I sent this piece below off to the left-wing American website and magazine, Counterpunch. It’s a reply to a previous article they put up about the satirical statues of Trump, which appeared when he was campaigning for the presidency. These showed him naked, with a small penis and no testicles. One of their female writers compared this humiliating portrayal with the way nudity has been frequently historically used to punish women. She also cited the Fantasy series Game of Thrones and one of the punishments inflicted on a female character in that. But the statues’ genital deficiencies point to another way nudity was also used. Along with castration, it was also used in South American colonial society to punish captured runaway slaves. The Statues’ portrayal of Trump thus seems very fitting, given his aggressive masculinity and support for racists and White supremacists.

The magazine hasn’t used the article, and I don’t think they ever will. So here it is.

Nudity, Emasculation and the Humiliation of Slaves:
The Hidden Politics of the Anti-Trump Statues

Remember those statues of Trump which appeared in various cities across America about a year or so ago, when the Orange Generalissimo of reality TV was strutting about stadiums across America trying to get people to elect him? These were life-size statues of him, naked, with a tiny penis and no testicles. Today, Wednesday 28th March, the British papers reported that the last remaining one of a set that wasn’t destroyed, was put up for sale at Julien’s Auction in New Jersey. The statues were a subversive comment on a man, whose personal behaviour and style of government is one of aggressive masculinity and misogyny. One of the female contributors to Counterpunch published a piece a year or so ago when these statues first appeared. Written from a feminist perspective, it commented on this sculptural humiliation of the future president, and in particular its similarity to the methods used in the past to humiliate women. The statues’ nudity recalled the way errant women were also humiliated by being paraded naked.

It’s true that public nudity has been most used to humiliate women, but it wasn’t exclusively so. Men have also been humiliated on occasion by being exhibited naked by their enemies. In the culture of the Hebrew Bible, nudity was a badge of shame, and there’s a plaque from ancient Egypt showing a group of Asian prisoners being led, naked, by their Egyptian captors. And during the 18th century heyday of the transatlantic slave trade, public nudity and mutilation, including castration were used to humiliate enslaved Africans, who ran away or otherwise resisted their White masters. The slave societies of the New World was gripped by the fear of slave resistance, which itself took various forms. Enslaved Africans revolted in armed rebellions.
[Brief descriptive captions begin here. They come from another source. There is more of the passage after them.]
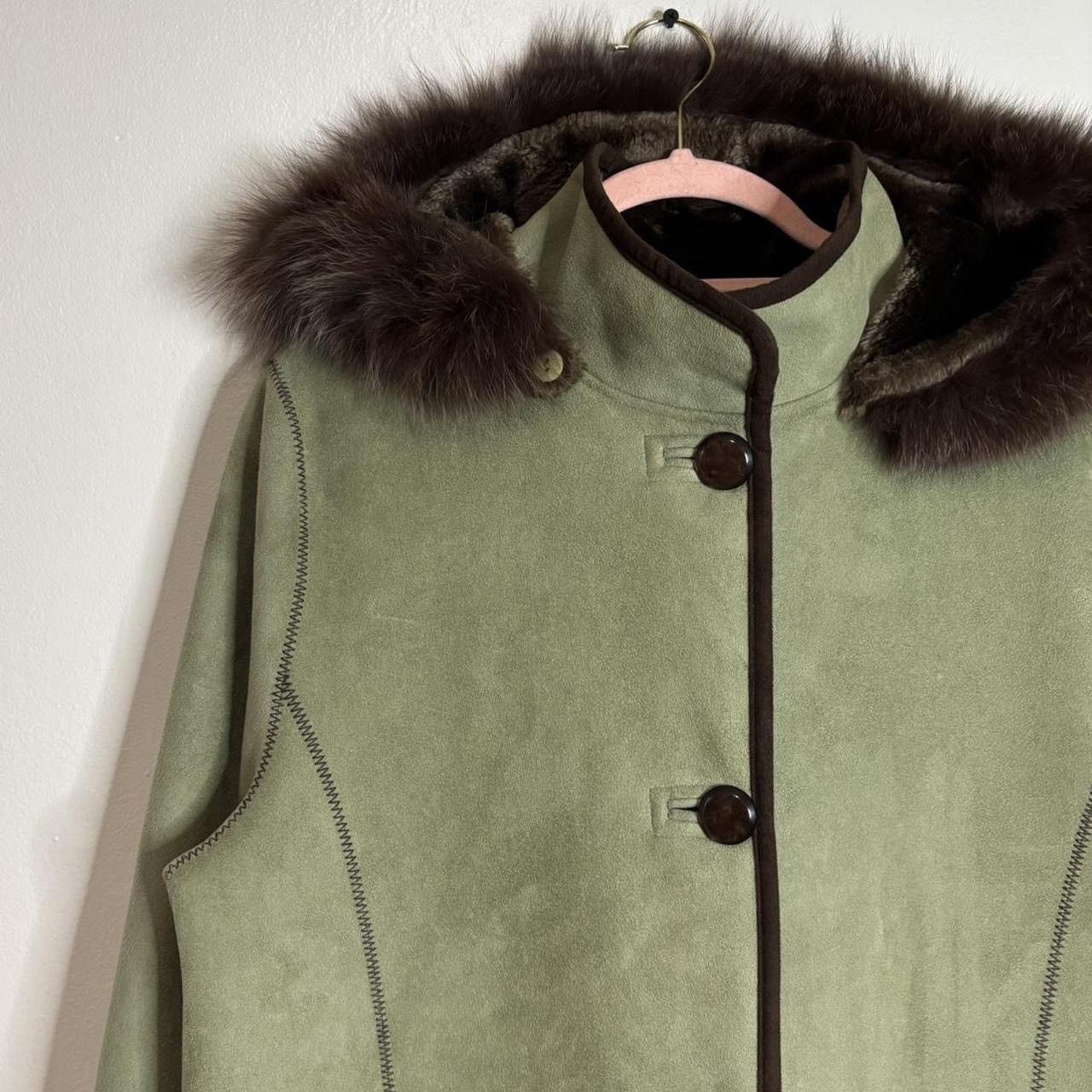 Other Vintage Light Green Fox Trim Hooded Long Coat Jacket - S Size US S / EU 44-46 / 1 - 2 Thumbnail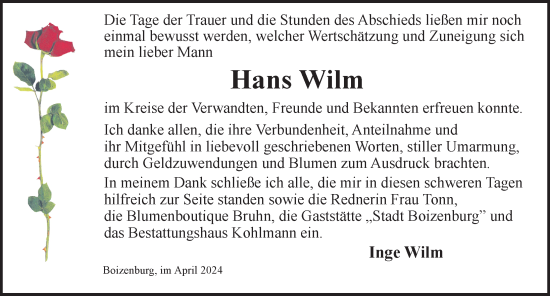 Traueranzeige von Hans Wilm 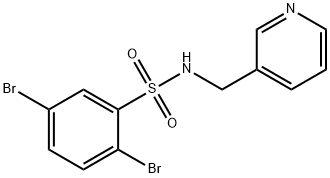 2,5-dibromo-N-(pyridin-3-ylmethyl)benzenesulfonamide Struktur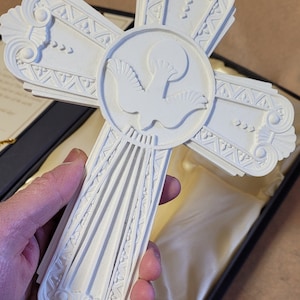 Holy Spirit Confirmation Cross: Resin Dove Gift (7.5&quot; H)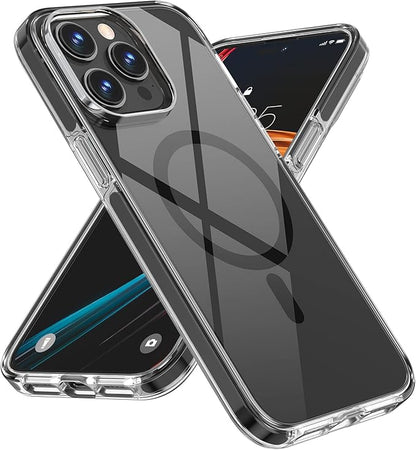 MILPROX Compatible with iPhone 14 Pro Max Case - Transparent Magnetic Classic Phone Case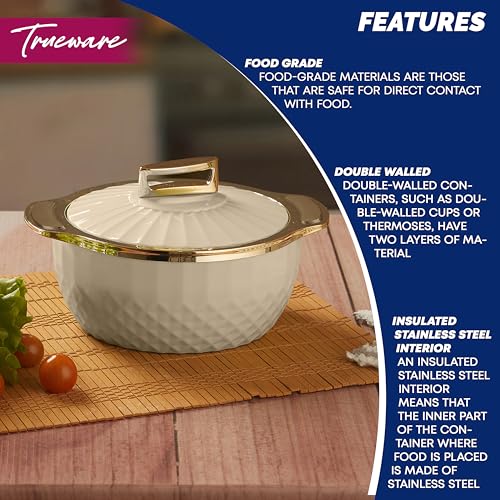 Trueware Krystal Casserole Inner Steel Casserole, 1500 ml, White | PU Insulated | BPA Free |Odour Proof | Food Grade | Easy to Carry | Ideal for Chapatti | Roti | Curd Maker | Thermoware | Hot Pot - Image 5
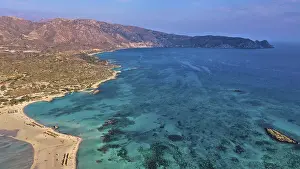 Greek Islands Drone Photography Drucke: Drone shot, large part of the lagoon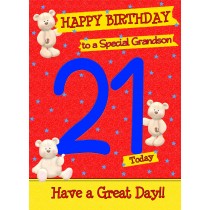 21 Today Birthday Card (Grandson)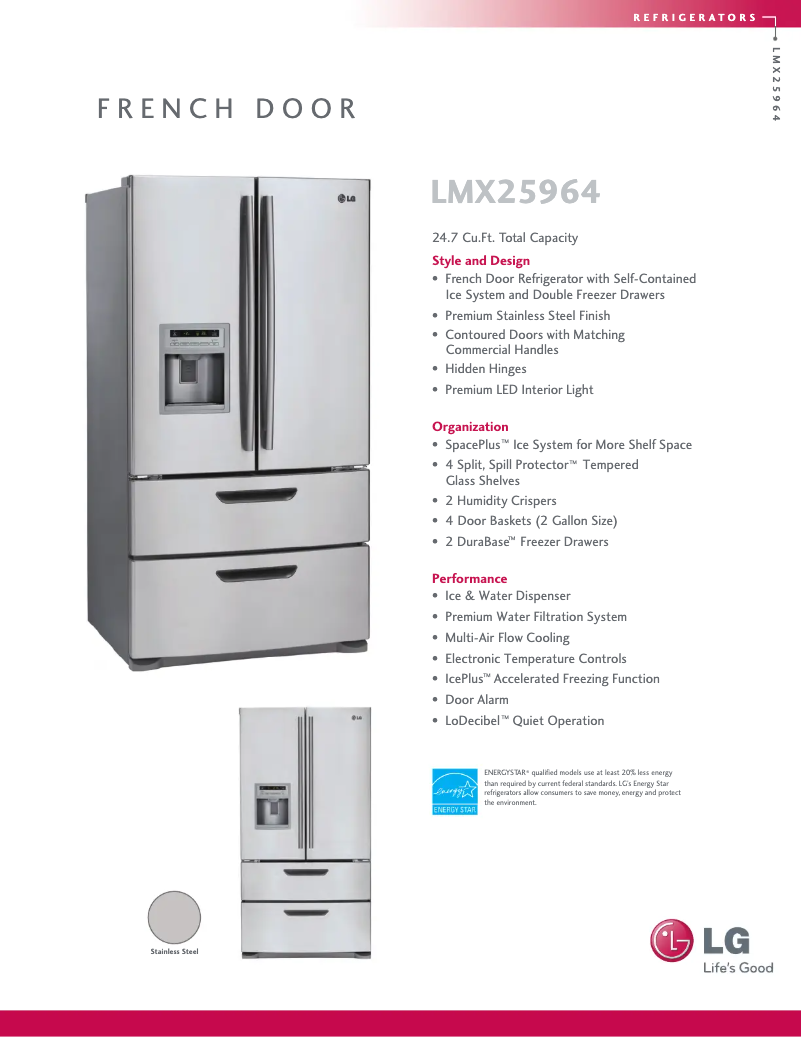 Page 1 de la notice Fiche technique LG LMX25964ST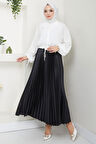Beli Lastikli Deri Görünümlü Sık Piliseli Etek Siyah HM2655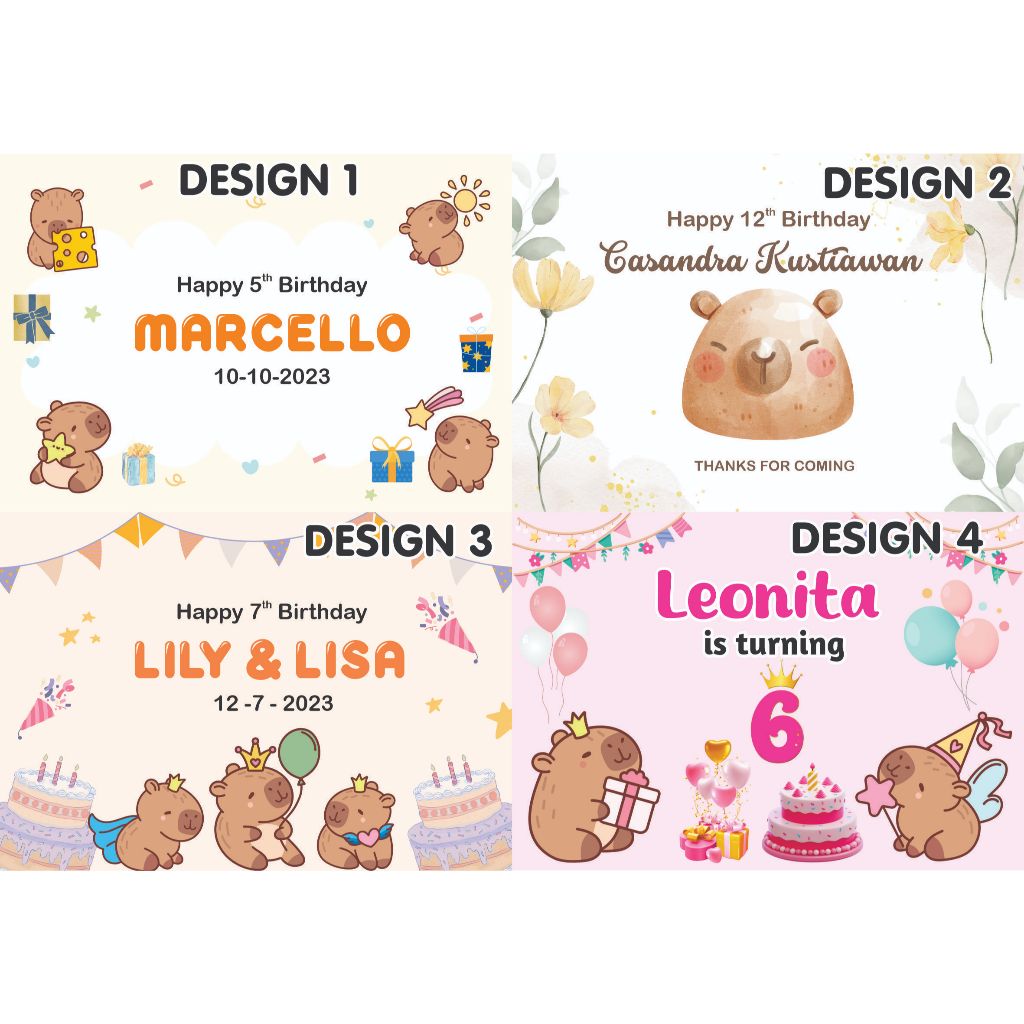 

STIKER LABEL GOODIE BAG BENTO MOTIF CAPYBARA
They also ran away from their masters, or confined themselves to less dramatic forms of resistance, such as eating dirt, sabotage, or finding ways not to perform, or perform badly, their allotted work. To combat this, the slave masters punished their slaves with a variety of brutal measures, ranging from whipping to execution. These included various forms of mutilation, including castration.

This fear intensified during the French Revolutionary and Napoleonic Wars, when the British and other European colonial nations feared that the slaves would follow Toussaint L’Ouverture and Black Jacobins of Haiti, and rise up against their masters to found free Black states. And so they resorted to increasingly brutal methods to discourage them. In one British Caribbean colony, one enslaved man was forced to sit on a cannon as it was fired, which understandably left him shaken and terrified. A female planter was also awarded five pounds by the local legislative assembly in another British colony, for having her male slaves castrated as a deterrent to further resistance.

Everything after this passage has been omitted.